The 5800FLOOD is a great device for anyone who needs reliable monitoring for water leaks or potential flooding. The sign of a good flood sensor is the ability to detect leaks before they cause costly damage, without setting off any false alarms. The 5800FLOOD will activate once its built-in water probes have detected at least a quarter-inch of liquid. The device will respond within 22 seconds for a quick and accurate alert about the potential for water damage.

Alarm Grid recommends using the 5800FLOOD in places that are most prone to experiencing water damage. Popular locations include bathrooms, laundry rooms, furnace rooms, basements and garages. You will want to put the 5800FLOOD in the area of the room where a water leak will most likely occur or where the water is most likely to accumulate. Once the device detects a leak, it will send an alert to security system to let it know about the situation.

In addition to flood sensing, the 5800FLOOD also operates as a viable temperature sensor. The low-temperature loop will have the sensor respond upon detecting a temperature of 45 degrees Fahrenheit or lower for 10 consecutive minutes. This is great for catching a broken HVAC unit before the pipes freeze and cause serious damage. Meanwhile, the high-temperature loop will have the sensor respond after detecting a temperature of 95 degrees or higher for at least 10 minutes.

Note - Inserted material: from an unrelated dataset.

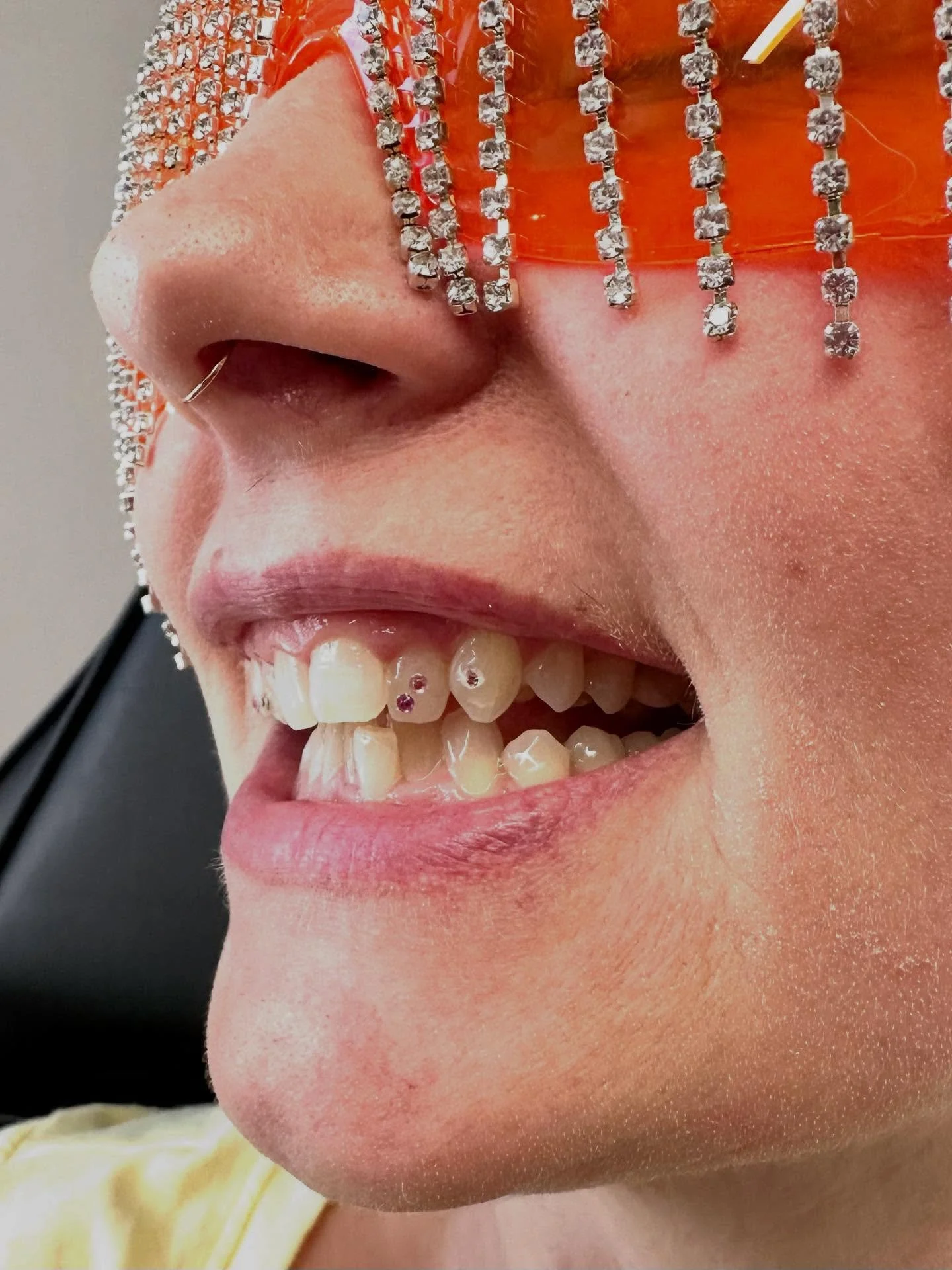 A lil pink and peach, two-on-one tooth combo for Carmen-ILY 💓🥳🍑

When programming the 5800FLOOD, the loop number that is set will determine how the sensor is used. There are three separate loops for flood detection, low temperature detection and high temperature detection. In order to use all three functions, the 5800FLOOD will need to be programmed to three separate wireless zones, with each zone being assigned the appropriate Loop Number. The table below outlines the Loop Numbers for the 5800FLOOD:


The 5800FLOOD Wireless Flood and Temperature Sensor is available from Alarm Grid now. Protect your home or business from serious water damage with this versatile and effective sensor!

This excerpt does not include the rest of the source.